In a recent article, I described how the debt burden of the US has significantly increased relative to GDP in recent decades, yet the debt servicing costs have remained stable mostly thanks to low real interest rates on the debt. With higher debt servicing costs on the horizon, I concluded that it would be prudent (though perhaps not necessary) to reign in the debt to maintain economic stability and global confidence in the US dollar. So, how does a country go about reducing its national debt burden? There are various strategies that countries can employ to achieve this goal, each with its own set of consequences. This article will explore and compare five ways to reduce national debt: economic growth, reduced spending, increasing taxes, inflation, and default or debt restructuring.
Economic Growth > Debt Growth
One of the most effective ways for countries to reduce their national debt is through long-term, sustainable economic growth. A growing economy generates more tax revenue and reduces the relative size of the debt. This approach allows a country to “grow out” of its debt burden. As the economy expands, the debt-to-GDP ratio decreases, making the debt servicing costs more manageable. This method reduces the need for tax hikes and enhances investor confidence both of which can attract new foreign investment and boost domestic business activity. The downside to reducing debt through growth is that it can be time-consuming and requires fiscal discipline to ensure that economic growth outpaces growth of the national debt. Economic growth is also somewhat unpredictable and vulnerable to external factors such as global economic conditions.
Even if economic growth is slow, reducing government spending is another approach to decrease a nation’s debt. Governments can achieve this by cutting discretionary expenditures, eliminating waste, and reforming entitlement programs. By running budget surpluses, governments can more quickly pay down debt. While fiscal discipline helps a country to prioritize essential services and avoid wasteful spending, the flip side to the coin is that it can have a negative societal impact particularly to vulnerable populations or jeopardize other critical priorities (e.g., national defense). More drastic spending cuts (sometimes called “austerity measures”) can slow economic growth and lead to job losses, making it even harder to foster the (beneficial) long-term economic growth described above. Quite often, implementing spending reductions faces stiff resistance from interest groups and is politically untenable.

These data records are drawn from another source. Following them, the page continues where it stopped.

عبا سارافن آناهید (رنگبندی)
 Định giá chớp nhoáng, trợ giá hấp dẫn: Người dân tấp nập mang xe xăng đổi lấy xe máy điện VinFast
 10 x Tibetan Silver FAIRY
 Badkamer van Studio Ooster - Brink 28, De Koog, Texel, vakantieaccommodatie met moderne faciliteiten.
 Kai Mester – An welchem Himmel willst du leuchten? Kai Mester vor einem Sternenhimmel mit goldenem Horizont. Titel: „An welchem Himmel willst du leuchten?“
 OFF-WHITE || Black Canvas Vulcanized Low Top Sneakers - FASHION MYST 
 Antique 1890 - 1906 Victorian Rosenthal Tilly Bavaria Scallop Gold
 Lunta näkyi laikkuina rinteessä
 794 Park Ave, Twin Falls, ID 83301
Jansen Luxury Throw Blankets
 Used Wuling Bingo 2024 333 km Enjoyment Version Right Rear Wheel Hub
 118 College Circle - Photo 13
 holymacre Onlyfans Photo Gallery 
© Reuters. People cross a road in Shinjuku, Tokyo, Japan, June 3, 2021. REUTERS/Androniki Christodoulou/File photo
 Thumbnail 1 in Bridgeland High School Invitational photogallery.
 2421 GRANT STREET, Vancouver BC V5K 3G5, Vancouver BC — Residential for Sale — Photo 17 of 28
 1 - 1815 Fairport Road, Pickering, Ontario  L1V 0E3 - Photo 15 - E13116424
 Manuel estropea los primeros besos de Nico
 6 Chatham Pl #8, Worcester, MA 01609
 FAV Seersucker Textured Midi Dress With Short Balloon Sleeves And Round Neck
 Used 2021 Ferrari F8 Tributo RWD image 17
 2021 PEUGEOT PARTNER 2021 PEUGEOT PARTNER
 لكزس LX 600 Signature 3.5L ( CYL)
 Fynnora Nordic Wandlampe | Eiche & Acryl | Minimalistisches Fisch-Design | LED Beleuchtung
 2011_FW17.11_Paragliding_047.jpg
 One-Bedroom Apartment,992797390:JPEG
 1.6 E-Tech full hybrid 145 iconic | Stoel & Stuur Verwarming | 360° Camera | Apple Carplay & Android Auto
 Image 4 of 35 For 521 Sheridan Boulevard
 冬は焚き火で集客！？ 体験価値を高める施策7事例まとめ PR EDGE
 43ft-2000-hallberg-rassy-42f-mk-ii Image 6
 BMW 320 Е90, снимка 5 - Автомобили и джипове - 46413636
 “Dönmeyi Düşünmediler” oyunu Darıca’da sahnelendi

Raising taxes is a direct approach to increase government revenue and reduce national debt. This strategy involves imposing higher taxes on individuals, businesses, or specific goods and services. Taxes can be structured to ensure that those with higher incomes pay more, which helps maintain social cohesion and stability. The downside to higher taxes is that they discourage investment and economic activity. In extreme circumstances tax hikes can lead to “capital flight”, a phenomenon in which businesses and/or wealthy individuals relocate to avoid the tax. As with spending cuts, tax hikes often face political opposition and resistance from both citizens and businesses.
Inflation, also called the “silent tax”, can be used as a tool to reduce the real value of the national debt. When prices rise, the debt’s real burden decreases, as it is repaid with devalued currency. Simply put, inflation reduces the real value of the debt, making it easier to manage. Governments tend to like moderate inflation (the US targets 2-3%) as it can encourage consumer spending and investment. A major disadvantage of using inflation as a tool is the negative impact on retirees and those on fixed incomes who suffer most from reduced purchasing power. While moderate inflation is viewed as good, high inflation can erode consumer and investor confidence.
Default or Restructure Debt
The most extreme measure for reducing national debt is defaulting on debt obligations or restructuring the debt, which involves renegotiating terms with creditors. While defaulting or restructuring can provide immediate debt reduction and avert severe austerity measures, there are serious negative consequences to this approach. Defaulting damages a country’s creditworthiness and leads to higher future borrowing costs and may reduce access to global markets. It can also lead to legal actions by creditors, such as asset seizures. It also has the highest potential to create social unrest.
The Bottom Line
Reducing a country’s national debt burden is a complex undertaking with multiple consequences. Each strategy has its merits and drawbacks, and the choice of approach should align with a nation’s economic and political circumstances. Economic growth and inflation are often the most politically feasible and sustainable long-term solutions. Increasing taxes and reducing spending require careful balance to avoid social and economic repercussions. Default or debt restructuring should be considered a last resort due to the severe consequences it can entail. Ultimately, a combination of these strategies may be necessary to effectively reduce a nation’s national debt burden while safeguarding its economic stability and prosperity.